Documenting findings in blameless postmortems

Root cause investigation produces a structured incident report that captures timeline, hypothesis tested, findings, and remediation. Adventure Works follows the blameless postmortem format: the report focuses on system failures and missing guardrails rather than individual errors. The document includes:

  • Incident summary: What happened, when, how many customers affected, business impact
  • Timeline: Sequence of events from trigger to detection to resolution
  • Root cause: The underlying issue (pricing agent model deployment with verbose output)
  • Contributing factors: Why the issue wasn't caught earlier (lack of output format validation in pricing agent, no canary deployment process for model updates)
  • Immediate remediation: What was done to restore service (reverted model deployment)
  • Preventive actions: What will prevent recurrence (add output format validation, implement canary deployments for model updates, expand regression tests with price format checks)

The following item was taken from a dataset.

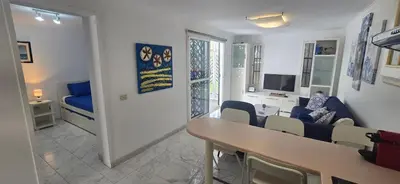 Una televisión o centro de entretenimiento en Casa Playa San Agustin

The postmortem is shared with engineering, leadership, and customer support. Contributing factors become backlog items with owners and due dates. The monthly reliability review tracks completion of preventive actions from all postmortems to ensure promised improvements actually ship.

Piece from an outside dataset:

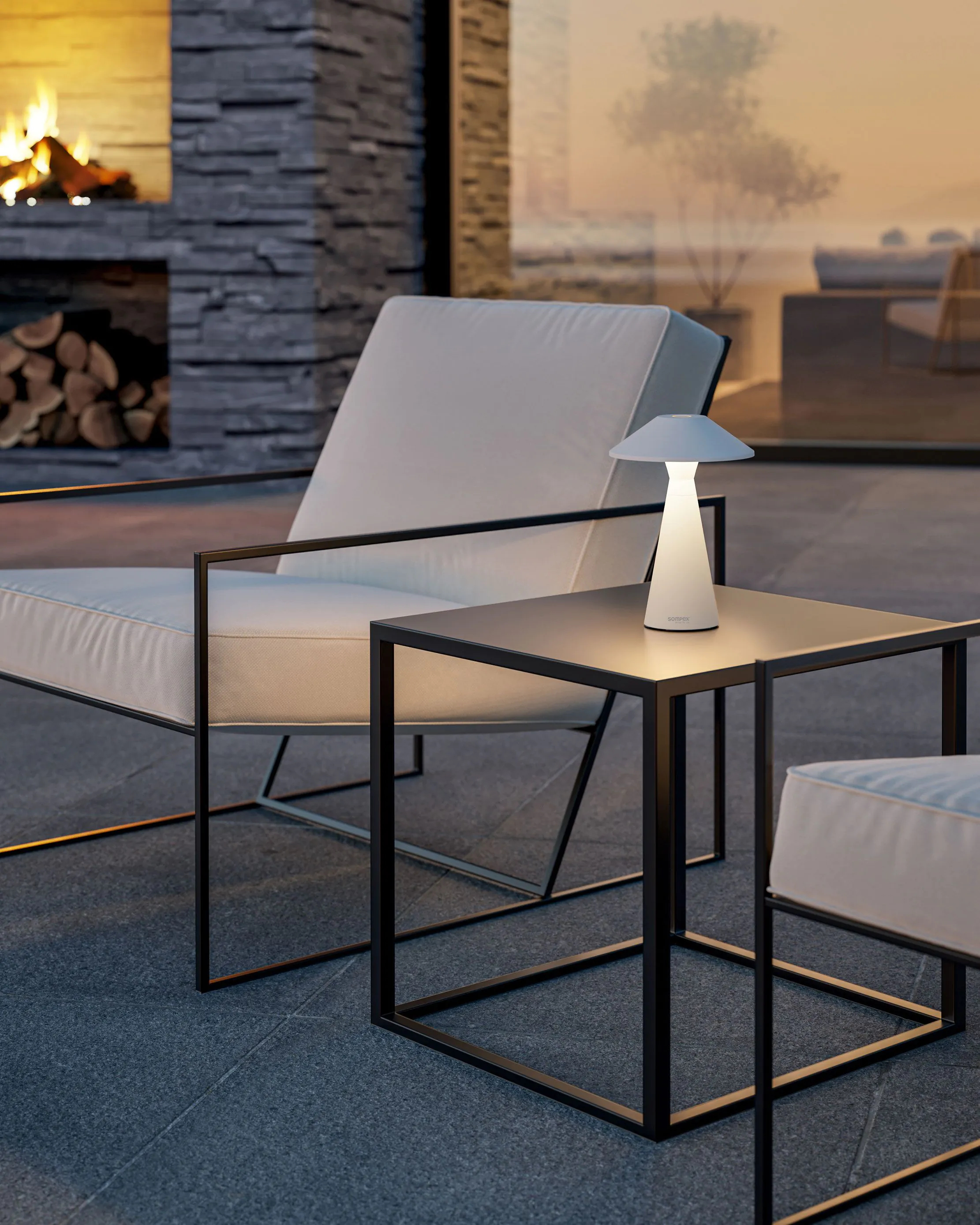Biała lampa na czarnym stoliku, krzesło i tło patio z kominkiem.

Systematic hypothesis testing, timeline reconstruction, and canary analysis give engineers a repeatable path from symptom to root cause. The blameless postmortem closes the loop, converting each incident into documented learnings that prevent recurrence. Once this diagnostic discipline is in place, recurring and predictable failures become candidates for automated detection and remediation.

Key takeaways

  • Symptom vs. root cause distinctions are critical in multi-agent systems where the agent reporting an error is often not the agent that caused it, and cascading failures create misleading symptoms.
  • Structured hypothesis framework tests the five most common failure modes (model deployment change, prompt regression, tool failure, orchestration logic regression, configuration change) in priority order for efficient diagnosis.
  • Timeline reconstruction uses distributed traces and KQL queries to correlate failed vs. successful requests, revealing differential behavior patterns that pinpoint the problem area.
  • Canary analysis segments failures by customer attributes, request characteristics, and infrastructure dimensions to determine whether an issue is isolated or systemic.
  • Blameless postmortems document findings with a focus on system failures and missing guardrails, producing assigned action items that prevent recurrence.